Compendios de Luto: Bitácora Amarilla

Por Alejandra Rosa/Especial para En Rojo

Agarras un ramillete como si con apretarlo lo suficiente sostuvieras alguna de las memorias que se le vulnerará al tiempo. En el rostro, una mueca suena a dolor. Algunos lutos se asumen desde matices de silencio turbio.

En una esquina quedará su butaca, y dos de sus rosarios colgarán de algún espaldar. Tantas quietudes despiden ausencia. La tarde que entraste a su sala y la encontraste en la mecedora, la noche en la que te mostró la fragilidad de sus manos, arropadas por el tiempo, la mañana en la que, meciéndose, escribió sobre un retazo de papel sus deseos fúnebres, ya no están. Ni estarán. No del mismo modo. No siempre. No y punto.

 

Se enluta el dolor. Recuerdas los mensajes de voz. Lamentas la llamada perdida; la ignorada más. Ella fue la primera que te habló sobre eso de caminar en línea recta, aunque temprano supieras que lo tuyo eran -irremediablemente- las curvas, los zig zags.

 

La extrañas contigo.
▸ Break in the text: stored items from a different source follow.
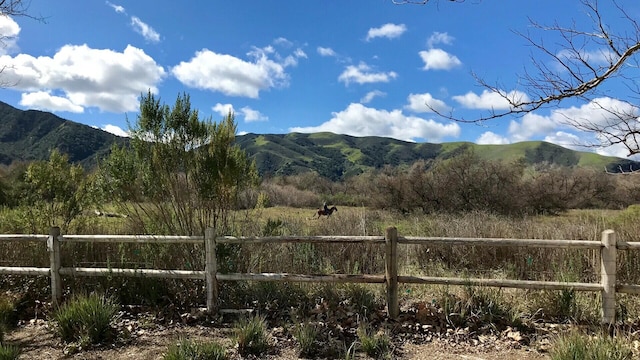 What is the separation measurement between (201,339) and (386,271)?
2.53 m

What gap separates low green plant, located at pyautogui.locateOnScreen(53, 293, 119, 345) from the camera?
18.0 ft

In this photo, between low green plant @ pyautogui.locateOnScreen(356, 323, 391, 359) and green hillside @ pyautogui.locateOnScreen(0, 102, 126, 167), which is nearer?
low green plant @ pyautogui.locateOnScreen(356, 323, 391, 359)

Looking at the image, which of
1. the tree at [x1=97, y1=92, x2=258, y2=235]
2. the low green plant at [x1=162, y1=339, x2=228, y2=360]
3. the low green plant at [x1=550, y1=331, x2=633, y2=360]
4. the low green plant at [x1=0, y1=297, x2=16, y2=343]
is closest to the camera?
the low green plant at [x1=550, y1=331, x2=633, y2=360]

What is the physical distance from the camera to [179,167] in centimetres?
708

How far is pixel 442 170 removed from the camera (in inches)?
1037

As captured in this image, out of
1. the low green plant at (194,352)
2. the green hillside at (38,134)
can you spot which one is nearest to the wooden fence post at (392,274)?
the low green plant at (194,352)

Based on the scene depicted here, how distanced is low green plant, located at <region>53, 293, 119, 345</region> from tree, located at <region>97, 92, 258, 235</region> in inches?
71.7

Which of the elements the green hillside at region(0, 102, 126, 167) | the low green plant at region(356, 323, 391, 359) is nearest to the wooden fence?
the low green plant at region(356, 323, 391, 359)

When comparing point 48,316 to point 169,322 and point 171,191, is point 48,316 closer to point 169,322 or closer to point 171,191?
point 169,322

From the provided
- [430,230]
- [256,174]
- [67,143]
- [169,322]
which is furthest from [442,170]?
[67,143]

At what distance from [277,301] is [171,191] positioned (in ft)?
7.76

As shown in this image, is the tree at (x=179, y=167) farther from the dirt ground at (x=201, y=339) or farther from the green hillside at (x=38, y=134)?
the green hillside at (x=38, y=134)

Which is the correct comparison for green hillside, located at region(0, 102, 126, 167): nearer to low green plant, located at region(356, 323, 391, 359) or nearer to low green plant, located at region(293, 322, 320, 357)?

Te extrañas con ella. Mecedora vacía. Nudo en la garganta. Foto nula. No sabes a dónde mirar.

La lágrima honesta cifra la ausencia. Confías en el sol.

O no. Buscas el fuego. Lo cruzas, de una. Con miedo, pero con ganas. No una sola vez, varias. La purga. Para que te sane – o para lo que sea.

Una mañana llegan dos reinitas a las flores amarillas del balcón, y las miras. Pausas. La luz a algunas siempre les conspira  a favor, capaz y porque saben a qué hora llegar. Contrarrestan la sonoridad de las ausencias porque saben todo sobre las trianas de la presencia. Lo piensas, y la extrañas. A ella, y a su fórmula para creer en el amarillo como en el aire.

Ya no esperas reinitas.

Las dueles.

Y sueltas el ramillete.

O no.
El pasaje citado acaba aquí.